About

In March 2011 the Truth and Reconciliation Commission of Canada held a three-day conference on institutions of memory in Vancouver. Following that conference, faculty and staff from the First Nations House of Learning (FNHL) at UBC met with the leadership of the Indian Residential School Survivors Society (IRSSS), also based in Vancouver, to discuss the value of an institution addressing the experiences of survivors of the Indian residential schools on the west coast. On November 1st of the same year, a day-long event for campus leaders at the UBC First Nations Longhouse developed by FNHL and the IRSSS confirmed that even a basic understanding of the abuses of the Indian residential school system allowed people to begin thinking about colonial systems in an entirely different way.
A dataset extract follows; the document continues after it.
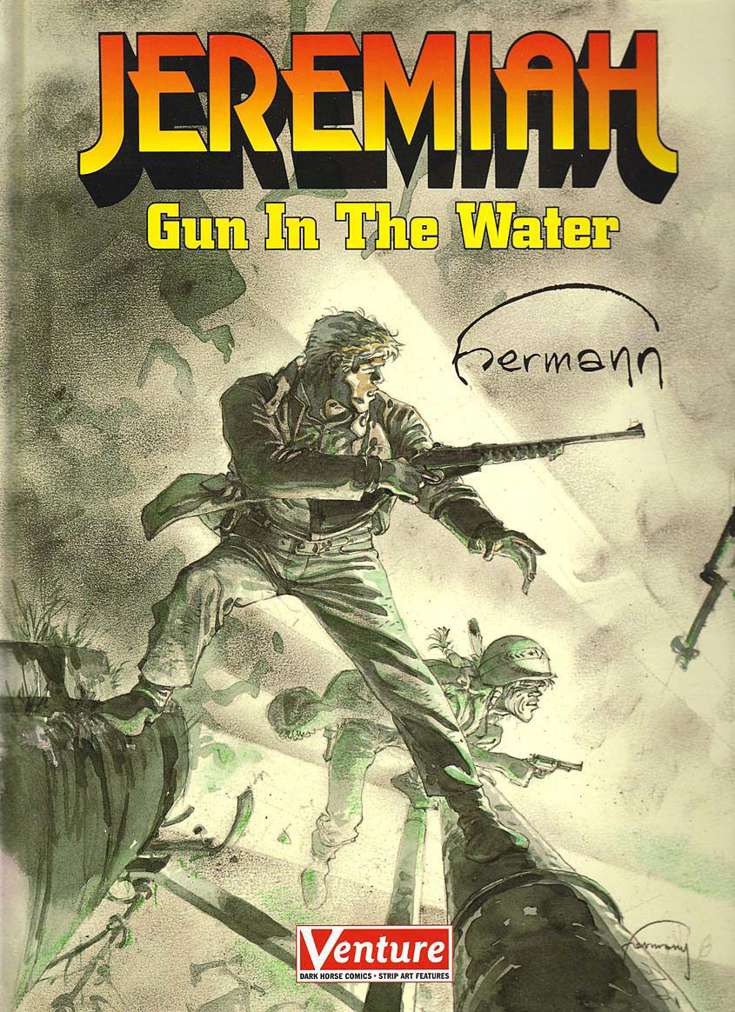 Jeremiah: Gun in the Water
It became clear that a West Coast centre could not only provide survivors and their families and communities with access to TRC records, but could serve an important role in bringing many more people into informed and productive conversations. [see the video record of this event]

Some months later, the Truth and Reconciliation Commission of Canada issued a request for proposals to establish a National Research Centre. After much discussion, UBC supported the bid of the University of Manitoba to locate the national centre in Winnipeg–a proposal that included UBC’s intention to establish a West Coast independent affiliate with access to TRC records.
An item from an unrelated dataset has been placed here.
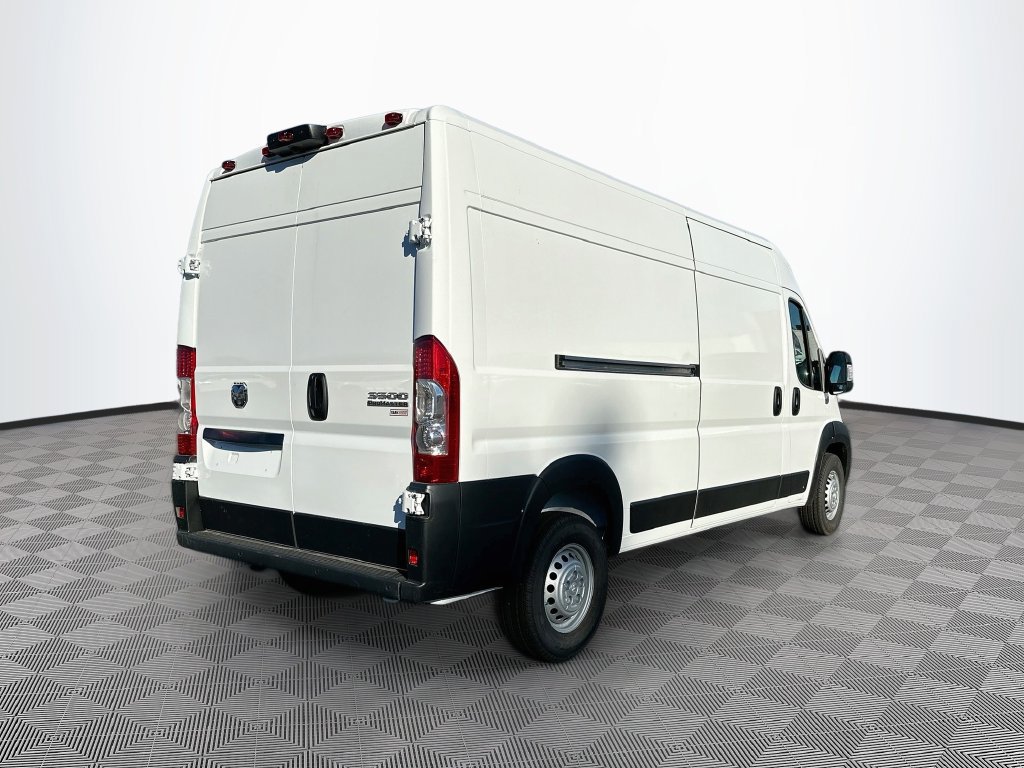New 2026 RAM ProMaster 3500 FWD image 9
When the TRC conducted its final west coast National Event in September 2013, UBC suspended classes for a day and many students and faculty attended the event and, at the end of the day, heard UBC President Stephen Toope publicly announce the university’s intention [see video]. Before leaving UBC in June 2014, President Toope committed not only the location but the funds that would support Centre construction. In the months that followed, the proposal began its way through the many levels of design and approval required before construction could begin. In June, 2015, as the TRC completed its mandate, the UBC Board of Governors gave its approval for the construction process to begin, and, a year later in June 2016 physical construction was approved. On September 12, 2016, in a public ceremony, President Santa Ono announced the start of construction.

Throughout this process, interactions with the IRSSS and other Indian residential school survivors and community advisors has informed the process of establishing the Centre. Their ongoing support and advice will continue to direct the development of the Centre and its future operations. [visit the IRSSS site]

The Centre is a place to acknowledge the experiences of survivors, and, from their experiences, continue the discussions and thought that will takes us towards a better future.